Though those other models have popped up, such as subscriptions, they are not a sustainable model for many people, especially when you come into difficult times like we have in 2020; people may not have extra money to spend on subscriptions. In a study by Zuora, a cloud-based software, it was shown that 22.5% of companies are seeing their subscription growth rate accelerate, while 53.3% saw a limited impact.
There is a way that publishers can enhance their advertising, however, and that is having registered users. This is a way to collect more data on them that publishers aren’t going to break privacy with and significantly adds to publishers’ first-party data.
Bundle & Unbundle
Publishers can have registered users or logged-in users and then use that data to manage the privacy themselves and use that connection to their audience to continue to market them, to bring them back, and creating great content. With this, publishers have the opportunity to take back control of a lot of the intricacies of digital publishing.
Publishers are becoming more aware and curious about their ad inventory and cookies and wondering how much they understand and control. They may not want to outsource, or bundle, as much as they have in the past because they want to retain that control.
However, this may be hampered by publishers’ previous need to reduce their teams in the last couple of years, keeping the creative journalists but letting go of the more commercial people. This has then led to outsourcing. Now, many publishers don’t have the know-how or resources to take advantage of this. Taking back control of these bundles is trending, but probably not as hard as some think.
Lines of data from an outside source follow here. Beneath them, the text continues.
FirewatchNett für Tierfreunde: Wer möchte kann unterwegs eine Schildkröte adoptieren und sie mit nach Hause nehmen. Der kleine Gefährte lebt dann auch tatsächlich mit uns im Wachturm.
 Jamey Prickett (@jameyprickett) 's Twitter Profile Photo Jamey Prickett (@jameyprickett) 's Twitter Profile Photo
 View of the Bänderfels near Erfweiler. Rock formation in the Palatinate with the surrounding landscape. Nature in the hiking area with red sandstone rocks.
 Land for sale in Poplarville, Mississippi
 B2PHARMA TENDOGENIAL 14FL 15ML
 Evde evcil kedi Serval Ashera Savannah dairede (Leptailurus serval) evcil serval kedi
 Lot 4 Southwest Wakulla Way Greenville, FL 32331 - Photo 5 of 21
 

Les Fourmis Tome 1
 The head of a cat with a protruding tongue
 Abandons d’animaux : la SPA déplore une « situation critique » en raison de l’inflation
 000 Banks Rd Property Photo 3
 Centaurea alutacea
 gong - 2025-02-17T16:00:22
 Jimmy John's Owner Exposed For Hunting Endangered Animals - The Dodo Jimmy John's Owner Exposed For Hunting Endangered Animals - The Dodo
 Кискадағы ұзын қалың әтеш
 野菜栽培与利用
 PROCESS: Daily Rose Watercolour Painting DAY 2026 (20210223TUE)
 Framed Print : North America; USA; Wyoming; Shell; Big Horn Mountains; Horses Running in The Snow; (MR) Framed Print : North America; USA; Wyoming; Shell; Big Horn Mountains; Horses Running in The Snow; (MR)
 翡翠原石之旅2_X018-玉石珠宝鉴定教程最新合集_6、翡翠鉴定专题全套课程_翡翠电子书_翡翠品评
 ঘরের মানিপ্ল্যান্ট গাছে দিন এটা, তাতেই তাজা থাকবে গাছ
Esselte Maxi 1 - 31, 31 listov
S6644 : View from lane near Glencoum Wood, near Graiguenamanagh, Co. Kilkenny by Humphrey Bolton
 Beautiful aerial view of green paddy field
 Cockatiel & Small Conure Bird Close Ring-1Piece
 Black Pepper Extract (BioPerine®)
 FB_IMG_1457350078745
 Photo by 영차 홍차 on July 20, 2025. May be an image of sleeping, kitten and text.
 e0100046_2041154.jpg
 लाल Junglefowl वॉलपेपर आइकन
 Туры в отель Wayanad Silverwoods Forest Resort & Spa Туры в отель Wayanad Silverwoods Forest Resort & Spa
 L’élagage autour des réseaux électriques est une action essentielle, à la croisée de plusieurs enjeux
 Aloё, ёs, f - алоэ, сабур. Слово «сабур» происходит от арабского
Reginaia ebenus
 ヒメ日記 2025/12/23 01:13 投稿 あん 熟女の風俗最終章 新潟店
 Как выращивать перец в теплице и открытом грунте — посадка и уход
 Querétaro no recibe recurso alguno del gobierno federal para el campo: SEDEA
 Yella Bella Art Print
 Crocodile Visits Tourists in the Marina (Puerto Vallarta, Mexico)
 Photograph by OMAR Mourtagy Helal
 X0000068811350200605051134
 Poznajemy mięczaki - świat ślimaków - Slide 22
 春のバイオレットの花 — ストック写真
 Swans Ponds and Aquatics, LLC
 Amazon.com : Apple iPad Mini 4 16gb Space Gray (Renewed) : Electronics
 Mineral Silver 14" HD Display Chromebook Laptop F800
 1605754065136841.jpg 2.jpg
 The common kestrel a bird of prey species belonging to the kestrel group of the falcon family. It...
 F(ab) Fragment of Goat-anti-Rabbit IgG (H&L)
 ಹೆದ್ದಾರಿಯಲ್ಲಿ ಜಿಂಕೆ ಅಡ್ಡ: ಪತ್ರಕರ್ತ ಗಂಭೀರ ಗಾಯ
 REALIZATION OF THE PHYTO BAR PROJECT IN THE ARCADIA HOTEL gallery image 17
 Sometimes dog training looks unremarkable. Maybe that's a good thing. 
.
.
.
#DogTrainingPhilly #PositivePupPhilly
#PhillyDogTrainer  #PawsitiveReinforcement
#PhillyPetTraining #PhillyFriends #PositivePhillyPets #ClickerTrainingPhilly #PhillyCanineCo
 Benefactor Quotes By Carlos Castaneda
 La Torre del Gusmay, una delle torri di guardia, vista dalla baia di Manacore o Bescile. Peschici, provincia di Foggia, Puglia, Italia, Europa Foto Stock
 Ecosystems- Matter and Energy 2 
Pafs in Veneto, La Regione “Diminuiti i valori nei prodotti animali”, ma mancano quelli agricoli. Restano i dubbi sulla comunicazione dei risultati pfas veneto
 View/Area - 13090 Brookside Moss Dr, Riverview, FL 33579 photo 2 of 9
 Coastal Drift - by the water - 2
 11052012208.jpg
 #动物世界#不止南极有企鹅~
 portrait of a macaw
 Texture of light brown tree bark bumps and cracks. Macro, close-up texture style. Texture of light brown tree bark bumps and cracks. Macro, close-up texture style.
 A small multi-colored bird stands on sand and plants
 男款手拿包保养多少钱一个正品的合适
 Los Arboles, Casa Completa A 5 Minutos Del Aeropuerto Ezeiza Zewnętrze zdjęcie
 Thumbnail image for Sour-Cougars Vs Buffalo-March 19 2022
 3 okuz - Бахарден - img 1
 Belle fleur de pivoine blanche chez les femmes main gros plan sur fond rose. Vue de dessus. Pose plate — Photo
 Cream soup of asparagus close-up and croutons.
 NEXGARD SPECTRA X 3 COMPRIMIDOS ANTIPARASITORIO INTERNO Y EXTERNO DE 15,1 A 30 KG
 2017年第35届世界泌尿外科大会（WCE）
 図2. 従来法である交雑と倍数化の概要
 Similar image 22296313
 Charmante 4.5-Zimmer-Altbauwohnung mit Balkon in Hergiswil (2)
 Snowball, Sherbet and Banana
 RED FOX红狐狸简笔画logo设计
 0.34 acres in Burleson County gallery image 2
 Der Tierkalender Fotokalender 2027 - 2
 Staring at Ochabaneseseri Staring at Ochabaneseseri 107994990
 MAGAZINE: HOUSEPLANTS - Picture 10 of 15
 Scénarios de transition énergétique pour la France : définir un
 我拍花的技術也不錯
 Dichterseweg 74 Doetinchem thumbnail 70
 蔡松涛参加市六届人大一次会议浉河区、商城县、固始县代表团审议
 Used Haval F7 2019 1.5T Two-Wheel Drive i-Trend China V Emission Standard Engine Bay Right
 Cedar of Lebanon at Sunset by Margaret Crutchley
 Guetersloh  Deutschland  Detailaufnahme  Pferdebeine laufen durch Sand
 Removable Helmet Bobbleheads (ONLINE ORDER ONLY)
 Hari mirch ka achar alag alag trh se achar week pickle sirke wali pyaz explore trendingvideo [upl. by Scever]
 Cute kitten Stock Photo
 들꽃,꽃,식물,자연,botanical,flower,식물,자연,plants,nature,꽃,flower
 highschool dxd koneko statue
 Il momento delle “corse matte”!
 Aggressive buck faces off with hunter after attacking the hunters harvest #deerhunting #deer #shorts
Part of this control is setting parameters with certain advertisers to control the quality of your advertisements. Returning to the Condé Nast example, you may strike a deal with them or another big publisher, but you will do it in an intelligent and selective manner. Part of taking back control is setting these parameters and not just appearing on any website. Taking back control is smart for agencies, it’s smart for publishers, and for advertisers as well.
It’s an imperfect market but it’s a lot better than before. We have digital and the ability to target people the way we can now. We’ve got much more certainty now and should be proud of the progress we’re making.